Pensou por um momento e então voltou um olhar suplicante ao Matador de Goblins.
— Posso pedir para fazer algo por mim?
— Não me importo — respondeu o Matador de Goblins de imediato. — Mostre-me as missões que os outros aceitaram.
— Muito obrigada. Lamento por sempre te incomodar com essas coisas.
A aventura exigia que os candidatos assumissem a responsabilidade por si próprios, e a Guilda dos Aventureiros não era uma instituição de caridade. Ao contrário de outras organizações profissionais, não havia um sistema de mentoria; mas também não possuía autoridade para forçar os aventureiros a qualquer coisa. Só verificava a identidade dos aventureiros que se juntavam à guilda, ajudava a conectá-los com os trabalhos e rejeitaria os que causassem muitos problemas.
Trabalhar nesta organização não era, de forma alguma, uma tarefa fácil.
Por um lado, não era possível tomar conta de todos os recém-chegados que passavam pelas portas. O que deveriam fazer quanto a um trabalho aparentemente insignificante como goblincídio?

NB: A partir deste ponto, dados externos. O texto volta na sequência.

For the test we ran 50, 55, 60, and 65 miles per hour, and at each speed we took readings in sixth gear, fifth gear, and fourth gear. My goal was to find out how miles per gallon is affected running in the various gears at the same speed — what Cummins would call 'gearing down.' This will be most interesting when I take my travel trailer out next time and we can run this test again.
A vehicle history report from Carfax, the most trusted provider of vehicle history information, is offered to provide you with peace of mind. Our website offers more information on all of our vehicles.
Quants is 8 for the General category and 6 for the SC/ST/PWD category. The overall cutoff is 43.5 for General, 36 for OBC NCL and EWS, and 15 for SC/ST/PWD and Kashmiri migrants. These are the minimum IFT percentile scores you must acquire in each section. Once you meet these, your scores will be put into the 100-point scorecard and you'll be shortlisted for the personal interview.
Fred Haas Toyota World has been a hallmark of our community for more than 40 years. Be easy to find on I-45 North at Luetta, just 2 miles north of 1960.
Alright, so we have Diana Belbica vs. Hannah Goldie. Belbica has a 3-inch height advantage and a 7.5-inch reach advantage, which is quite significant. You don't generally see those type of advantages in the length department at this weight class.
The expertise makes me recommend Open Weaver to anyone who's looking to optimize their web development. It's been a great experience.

A expressão de angústia que surgia no rosto da Garota da Guilda era muito compreensível.
— Depois que a instalação de treinamento estiver concluída, talvez você não precise fazer isso com tanta frequência.
Matador de Goblins não disse nada, apenas folheou as missões em silêncio.

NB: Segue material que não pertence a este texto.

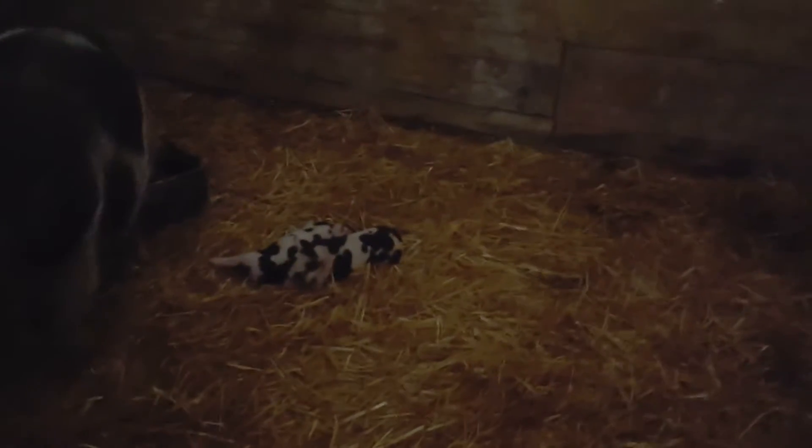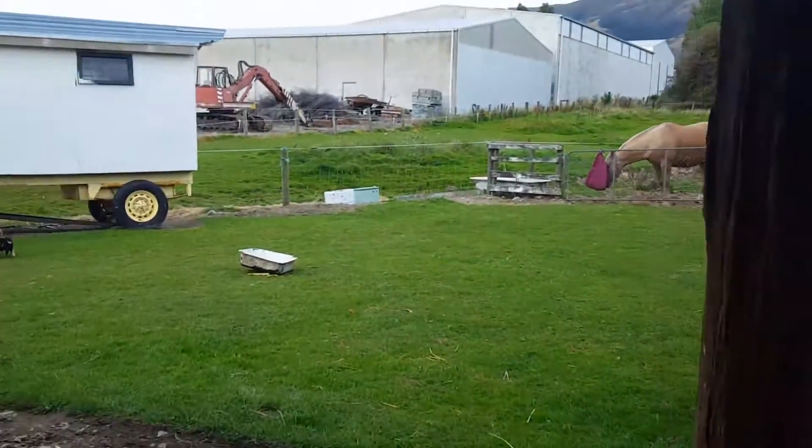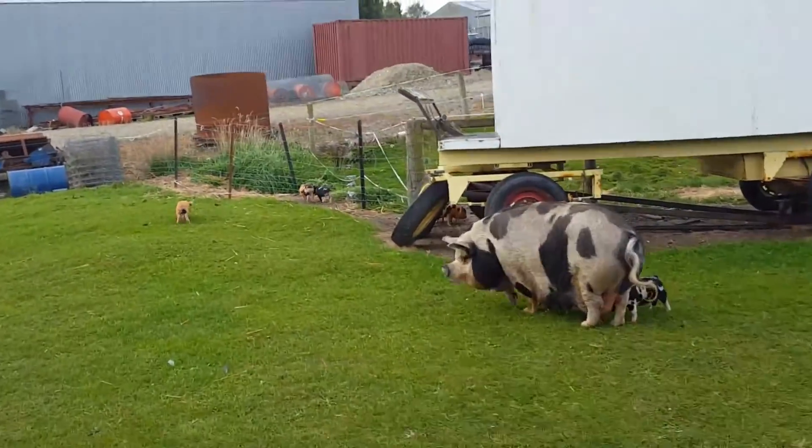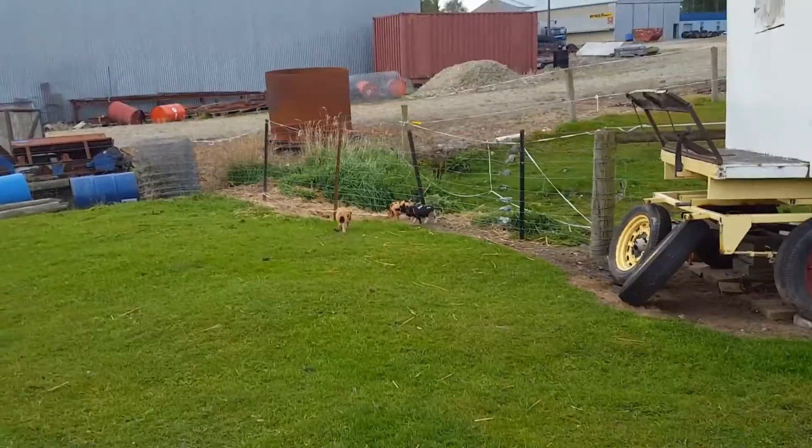Two there, and one underneath there, and the other one's probably buried in the straw. I thought we only had three yesterday morning until the straw moved! But these seven are a bit of a card — these are the ones with the most character.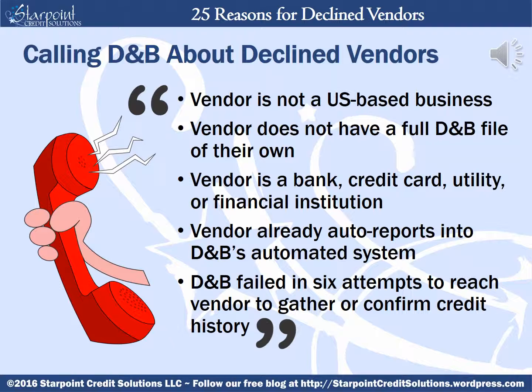Many business owners will then call D&B, oftentimes in frustration, hoping to find out why their vendor was declined, looking for some kind of insider explanation, only to become more frustrated when the D&B representatives will only provide five possible reasons: the vendor is not a US-based company; the vendor does not have a full D&B file of their own; the vendor is a bank, credit card, utility, or financial institution; that the vendor already auto reports into D&B's automated system; or that D&B has failed in six attempts to reach the vendor to gather or confirm credit history. And to most people, none of their explanations make any sense at all.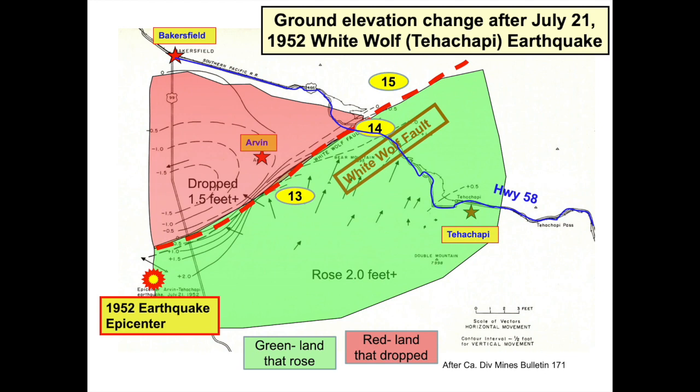The epicenter of the 1952 earthquake — the place beneath which the earthquake started — was about 35 miles south of Bakersfield. On this map, it is marked by the red and yellow dot on the lower left. The epicenter was very close to where today's Highway 99 and Interstate 5 meet. The quake devastated Arvin and Tehachapi, and to a lesser extent, Bakersfield. Areas southeast of the fault, colored green, rose, while areas northwest of the fault, colored red, fell. Because mountainous areas rose and the valley fell, you can see why after thousands of years of earthquakes, California landforms look like they do.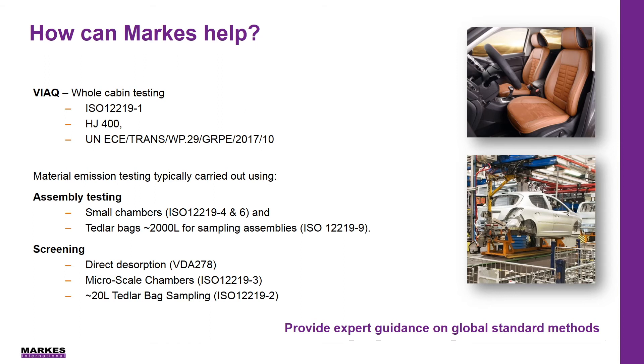They are split into two categories. The first is the vehicle interior air quality testing, which is where you take the cabin air and pump a sample directly onto an adsorbent tube and analyse using thermal desorption GC-MS. And regardless of whether you are using the ISO methodology, the HJ Chinese methodology or the new UN methodology, all of the consumables, accessories and analytical instrumentation is the same.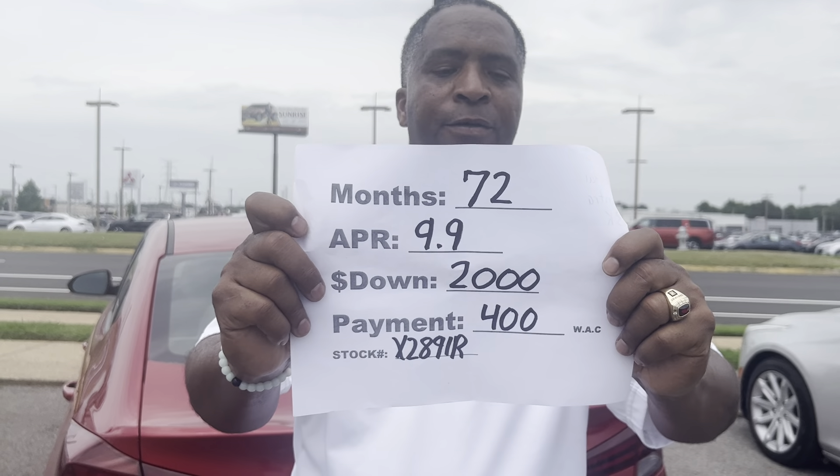But wait, there's more. You can go 72 months at $9,920 down, with a low payment of $400 a month with approved credit. Our number here is 901-372-8000.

Seu conteúdo era muito familiar para ele. Há um ninho de goblins perto de nossa aldeia. Livre-se disso, por favor.
Em alguns lugares, o gado e as plantações estavam sendo destruídos. Em outros, não. Em alguns casos, pessoas já haviam sido sequestradas, mas em outros não.
Matador de Goblins moveu as missões envolvendo rapto de mulheres para o topo da pilha. Aquelas para as quais os aventureiros já haviam sido enviados foram para trás. Casos com apenas danos menores ficaram no meio.
Cerca de, no total, dez missões. Mas Matador de Goblins disse com frieza:
— Vou cuidar disso nesta ordem.
— Certo, entendido. Tome cuidado! Ah… alguma poção, ou…?
— Sim, por favor. — Ele olhou para seus companheiros em um relance. Precisaria de cinco – não, seis, por segurança. — Poções de cura, antídotos e poções de vigor. Seis de cada.
— Claro!
Ele pegou dezoito moedas de ouro de sua bolsa de itens e a colocou no balcão enquanto a Garota da Guilda reunia os itens.
Dezoito poções para um goblincídiozinho! A notícia se espalhou pelos novatos que viam tudo, fazendo seus sussurros aumentarem aos montes. Era isso cautela ou covardia? De qualquer forma, logo se tornou o assunto do ridículo. Algumas pessoas estavam rindo sem disfarçar – mas algumas podiam estar com inveja. Afinal, após comprar o equipamento necessário, muitos tinham pouco para se dar ao luxo de obter poções. Se todo o grupo reunisse os seus recursos, talvez conseguissem comprar um único frasco.
E veja só, o homem estava comprando dezoito poções! Uma de cada para cada um dos membros do seu grupo, mais alguns extras por segurança! E estava tão calmo com isso tudo. Será que estava tentando se exibir? Isso foi o suficiente para aumentar a inveja.
— Ahh, aqui. Aqui devem estar dezoito. Confira para ter certeza.
— Irei.
— Agora, tome cuidado!
Matador de Goblins, por sua vez, ignorou as fofocas e olhares.
A primeira coisa que fez ao deixar a sorridente Garota da Guilda e voltar ao seu grupo foi pegar um pedaço de barbante. Ele se sentou no banco e alinhou todas as dezoito poções. Seis de cada, três cores diferentes. Primeiro, amarrou um barbante às poções de cura.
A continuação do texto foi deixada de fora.